In the housing there is further provided at least one hydraulic cylinder 6
with a vertically movable piston, not shown, and a piston rod 10 which can
be operated for upward and downward movement by a flow of pressurized
water from the surrounding water to the low pressure chamber 5. This flow
of water is led via pipes and valves in order to control the piston's and
thereby the piston rod's 10 movement. The pipes and valves can be provided
per se in several ways, but in the following description will be
illustrated and discussed in a preferred embodiment.

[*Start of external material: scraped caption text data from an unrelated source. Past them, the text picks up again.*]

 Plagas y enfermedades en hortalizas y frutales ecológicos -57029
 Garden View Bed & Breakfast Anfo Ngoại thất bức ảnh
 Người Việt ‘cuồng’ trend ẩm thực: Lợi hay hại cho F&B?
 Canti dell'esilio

The piston rod 10 is connected to a vertically movable weight 7 which is
provided around the sampler tube 4. The mass of the weight 7 can be
adjusted by having the weight 7 composed of several loose weights.
The piston rod 10 and the weight 7 are connected via a link arm 9 to a
clamping device 8 which surrounds the tool 4. During a downwardly directed
driving phase the clamping device 8 is brought into secure engagement with
the sampler tube 4, thus causing the force from the piston rod 10 and the
influence of the weight 7 to be transferred to the sampler tube 4. During
an upwardly directed return phase the piston rod 10 lifts the weight 7,
bringing the clamping device 8 out of engagement with the sampler tube 4,
thus causing the clamping device to slide upwards along the sampler tube.

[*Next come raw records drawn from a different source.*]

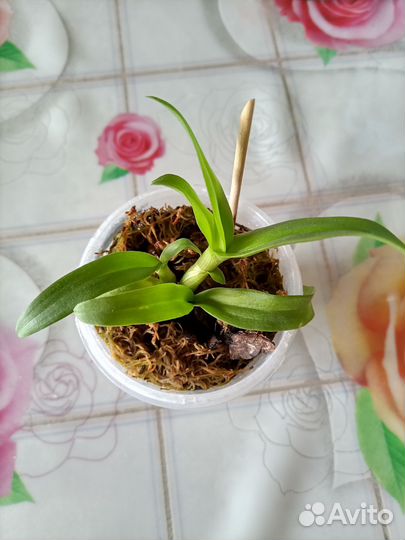 Орхидея Дендробиум нобиле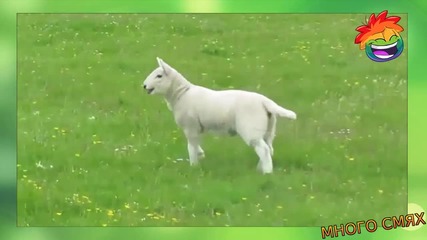 Нападението на козите - Мого смях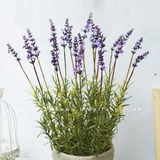 Giỏ hoa lavender phong cách vintage Lan Decor - CC529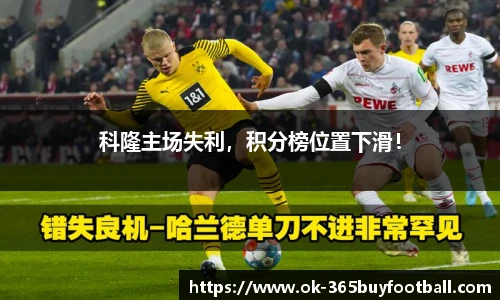 365买球网站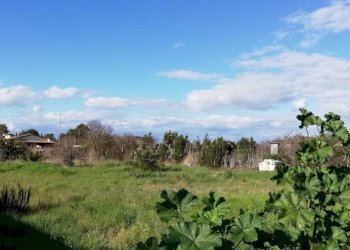 Terreno - Terreno edificabile via Santo Tomaselli, Roma (zona Lido di Ostia) - foto 8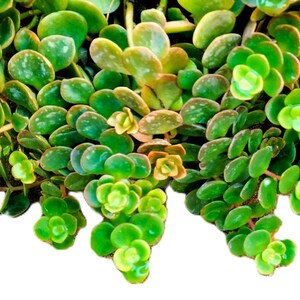 May include: A close-up shot of a green succulent plant with small, rounded leaves. The plant has a cascading growth pattern, with some leaves showing a speckled texture. The image is well-lit, highlighting the plant's fresh, healthy appearance.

At the end of the return phase a valve which will be discussed in more
detail later is influenced, thus initiating the piston rod's downward
movement. The clamping device 8 is similarly activated at the end of the
return phase, locking on to the sampler tube 4.
The entire housing 1 can rest on the seabed and be anchored by means of a
skirt 28 which acts as a suction anchor.
FIG. 2a shows in more detail the design of the sampler in FIG. 1. The
clamping device 8 comprises at least one clamp bit 12 which is connected
to an eccentric device 13 via at least one link arm 14. When the operation
is completed, the sampler tube 4 will in fact be pulled up before the
sampler or the housing 1, the eccentric device 13 then releasing the
clamping device 8 when the clamping device hits the top cover 2. As
illustrated in FIG. 2a, there is attached to a bracket 8a at least one
spring 15a which holds the link arm 14 up and the clamp bit 12 against a
movable sleeve 16 which is provided around the sampler tube 4, the sleeve
16 forming a stop for the clamp bit 12 and helping to regulate the
clamping force. At least one additional spring 15b holds the clamp bit 12
in contact with the sampler tube 4, the spring 15b connecting the
eccentric device 13 with the bracket 8a. In the surface which surrounds
the sampler tube 4 the clamp bit 12 may be provided with a friction
coating or with a toothing device which engages with the sampler tube's
surface in order to provide a secure attachment.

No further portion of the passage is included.